● Recorded information
=== Begin Enclosure ===
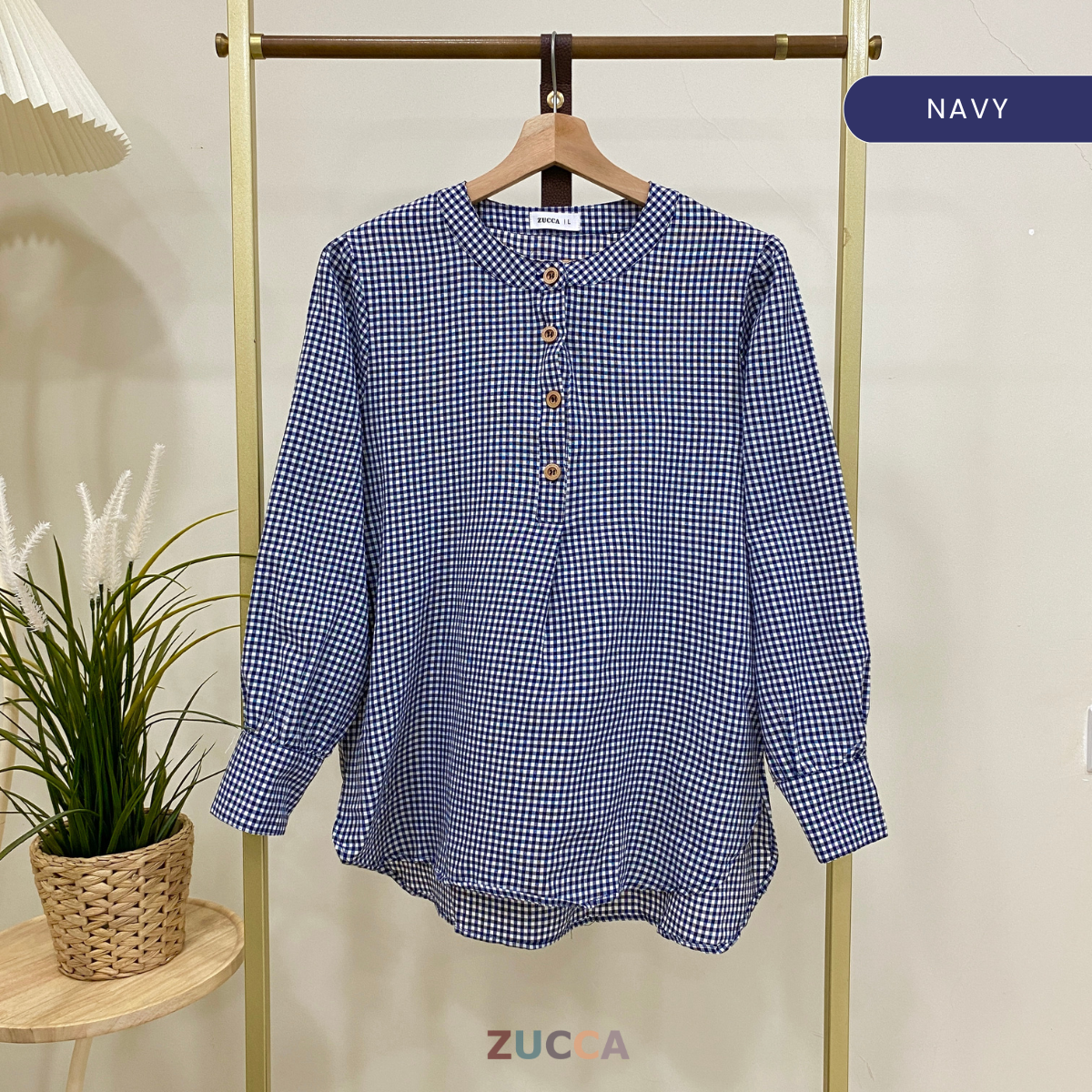 ZUCCA TASHA HALF BUTTON CHECKERED BLOUSE - DM130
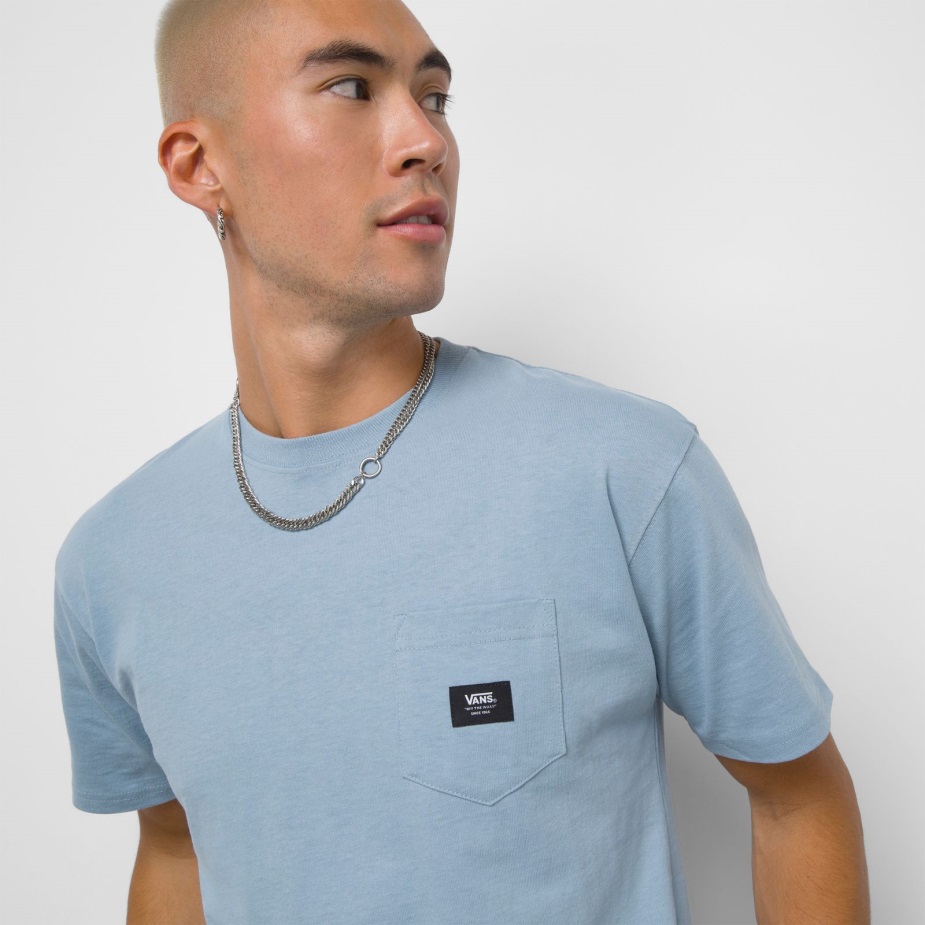 βανάκια υφαντό μπάλωμα τσέπη μπλουζάκι Ashley Blue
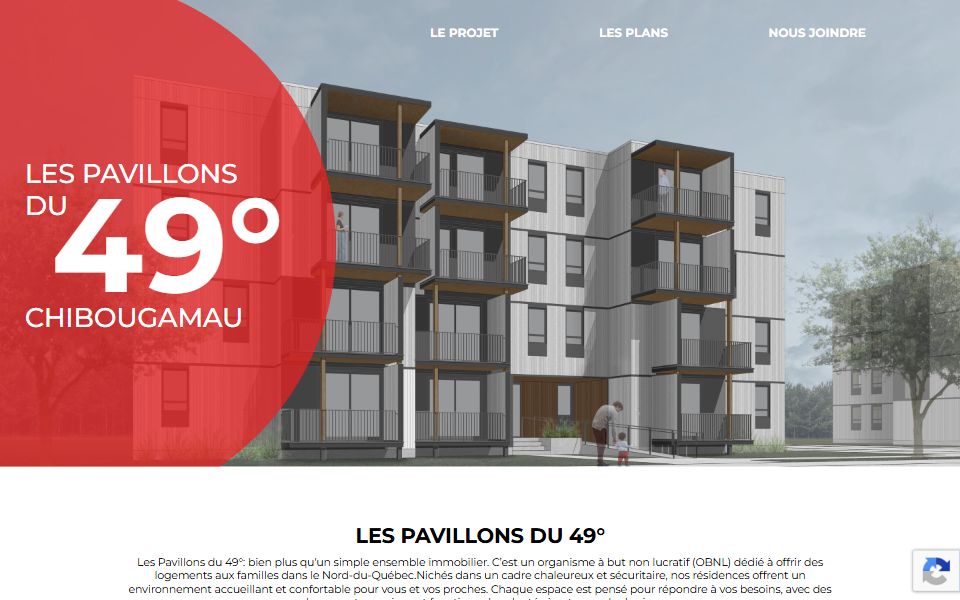 Page d'accueil de Les Pavillons du 49e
=== End Enclosure ===
● Exercise description
Please copy out the whole listing exactly, minus its pictures.

● Answer box
 ZUCCA TASHA HALF BUTTON CHECKERED BLOUSE - DM130
 βανάκια υφαντό μπάλωμα τσέπη μπλουζάκι Ashley Blue
 Page d'accueil de Les Pavillons du 49e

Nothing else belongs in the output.